L’odore acre della muffa umida gli inondava le narici, si sentiva molto scosso, incredulo. Come era potuto accadere? Lui non era proprio nessuno! I gendarmi l’avevano strappato dai suoi studi con forza, come un criminale pericoloso. Caricato su un carro senza dire una parola l’avevano sbattuto in quella disgustosa cella maleodorante di Palazzo Madama. “Vedrai i giudici domani! O forse doman l’altro!” disse uno di loro richiudendo la porta con un ghigno. E ora era lì, solo.

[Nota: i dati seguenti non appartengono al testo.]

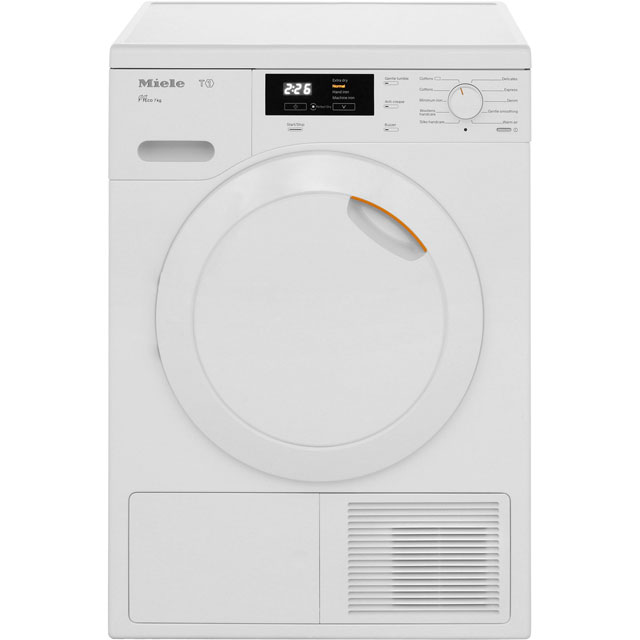 Best Tumble Dryers Top Rated Best Buy Best rated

Il buio della grande stanza era squarciato dai fasci di luce che filtravano dalle alte vetrate, i suoi carcerieri lo condussero all’interno e lo fecero sedere di fronte ad un lungo tavolo color mogano. Stavano ad osservarlo, in abiti ufficiali, tre giudici della Sacra Rota, che appena Raffaello si sedette lo interrogarono: “Siete voi Rafaele Carboni, di Urbino, figlio di Biagio Carboni?”. “Sono io” rispose Raffaello. “E perchè signor Carboni, vi impicciate di cose che non sono affar vostro? Tramando con degli scomunicati contro il nostro Padre Santissimo, Guida di Santa Romana Chiesa?”. “Ma io non ho fatto nulla di tutto questo!” rispose Raffaello con un filo di voce. Sentiva le forze che lo abbandonavano. Denunciato per cospirazione? Ma come era potuto accadergli? E chi poteva averlo denunciato? “Negate quindi di conoscere il Monsignor De Mourville sospettato per scellerate idee repubblicane?” “Non lo nego, signore” rispose Raffaello, “ma nego decisamente di essere cosciente delle idee di costui. La mia unica colpa potrebbe essere quella di aver favorito, con la sua compagnia, l’apprendimento della lingua francese, della quale necessito di pratica”. “Bene!” Disse uno dei
giudici. “Portatelo via!”. “Ma signore!…” Raffaello provò a protestare, ma le guardie lo tirarono su di peso e lo trascinarono via, risbattendolo nella sua cella nonostante egli provasse strenuamente a resistere. Quella stessa notte, mentre cercava di appisolarsi nello scomodo giaciglio di paglia, sentì il chiavistello della porta della cella aprirsi. Entrarono due uomini, non erano i suoi abituali carcerieri. “Raffaello Carboni?”, chiesero. “Sono io!” rispose Raffaello stupito dell’insolita visita. “Devi venire con noi” gli intimarono. “Dove? di grazia!” chiese Raffaello sempre più scosso. “Non ti riguarda!” risposero i due. Lo tirarono in piedi, gli infilarono un cappuccio in testa e lo trascinarono fuori.